House of the Dragon: S2 E8
It ends as it began. The queens who were friends as children, then grew to matriarchs of rival factions, hold the fate of the Seven Kingdoms in their hands as season 2 wraps up.
For last week’s episode review, click here.
As much as I’ve enjoyed this second season of Max’s “House of the Dragon” — a dramatic improvement on the decent but not standout first — one thing I have lamented is that the womenfolk who dominated last time have been shunted somewhat in the background this go-round.
Queen Rhaenyra Targaryen (Emma D’Arcy), as one of the would-be monarchs vying for the throne of the Seven Kingdoms, has by necessity stayed in the picture. But we’ve watched her spend much of the season sidelined by her all-male Small Council of advisors, many of them working to their own ends, and even her husband/king consort Daemon (Matt Smith) decamping to the north to muster up his own army in the Riverlands.
Her childhood friend, Alicent Hightower (Olivia Cooke), on the other hand, has pretty much been shunted to background player for most of the season as male characters, such as her lover Ser Criston Cole (Fabien Frankel), supplanted her in the narrative hierarchy. Cut out of power by her younger son, malevolent prince regent Aemond (Ewan Mitchell), she literally spent the previous episode wandering in a forest of self-pity.
To wrap up season two, episode 8 finds the two queens returned to the center of the story. It ends as it began, with them the matriarchs of rival factions in an escalating civil war. Their secret back-channel diplomacy with each other may yet bear fruit, or continue their alienation.
Dragons, and dragonriders, continue to be in the spotlight. Having successfully recruited three common-born bastards of Targaryen progeny to join her ranks — that’s Addam Hull (Clinton Liberty), Hugh Hammer (Kieran Bew) Ulf White (Tom Bennett) — Rhaenyra now clearly holds the upper hand in the war, with any one dragon outweighing an entire army of human soldiers. And she has six.
Her big decision point to end the season is how she deploys them: as deterrence, or a weapon of mass destruction.
“The dragons dance, and the men are like dust under their feet,” as one character aptly puts it.
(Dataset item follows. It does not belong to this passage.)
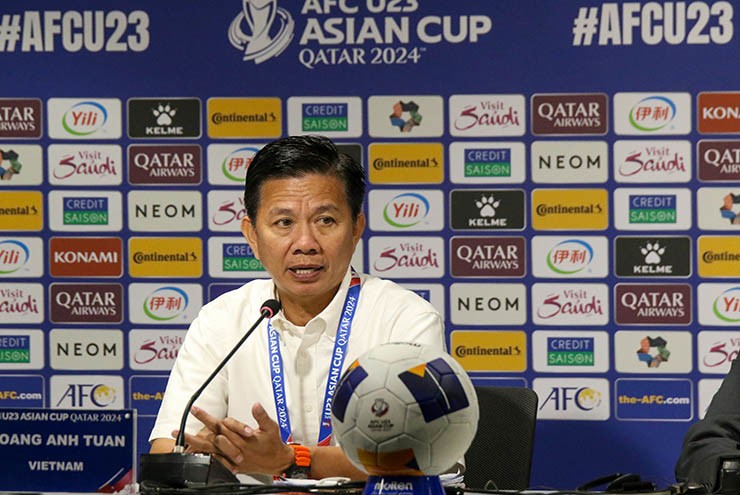 Họp báo U23 Việt Nam - U23 Uzbekistan: HLV Hoàng Anh Tuấn nói về đối thủ ở tứ kết - 2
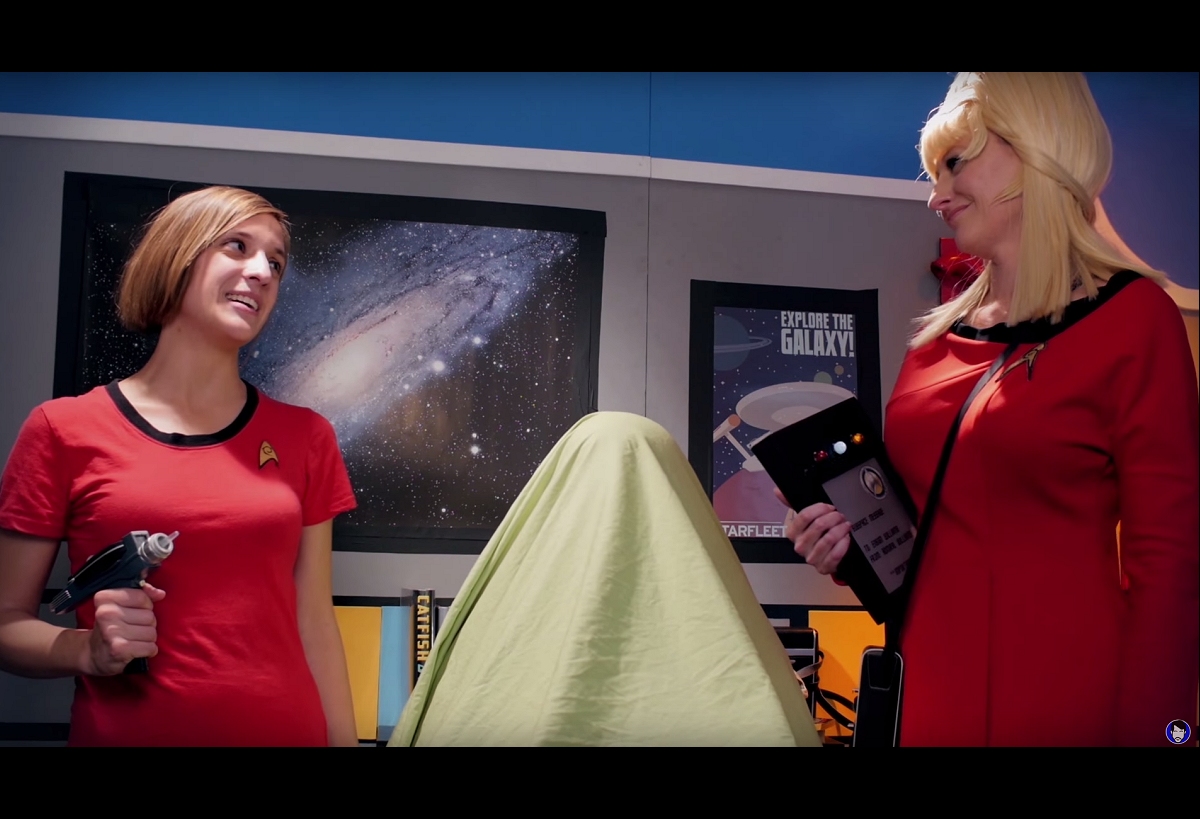 Daily Pic # 2639, Red Shirts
Power-hungry Aemond, clearly unnerved by no longer being viewed as the ultimate power in the kingdoms with his massive dragon Vhagar, grows increasingly desperate and dangerous. He’s also worried that his brother, King Aegon (Tom Glynn-Carney), will recover enough from his attempted assassination by Aemond’s dragonfire to order him deposed.
Aegon, for his part, is forced to balance his former cocksure self with the new reality of a broken body and spirit.
There’s no big violent confrontation to end season 2, though it looks like we’re setting up some big moves for next season, the third of four planned. Tyland Lannister (Jefferson Hall), another minor figure on the chessboard, grows in importance as he seeks allies to counterbalance the naval armada of the Sea Snake, Corlys Velaryon (Steve Toussaint).
Daemon, after spending most of the season dithering with visions and witches, finally reaches his own big moment of choice. It’s been an interesting story arc for him, though one I think could have been covered with far less screen time.
That’s the problem with a big show like this with dozens of characters and overlapping narratives: there will be times not much is going on with some of them, and their scenes wind up feeling like “check ins” just so fans don’t forget about them. Smith’s is the first name in the credits, so they stretched things out rather than cutting him out of episodes.
Quibbles about pacing aside, season 2 of “House of the Dragon” has been a terrific piece of fantasy storytelling. With the watershed episode 4, I truly feel like the show has grown out of the shadow of its “Game of Thrones” roots and established a claim as its own identity.
Now comes the hard part: waiting until next year for season 3.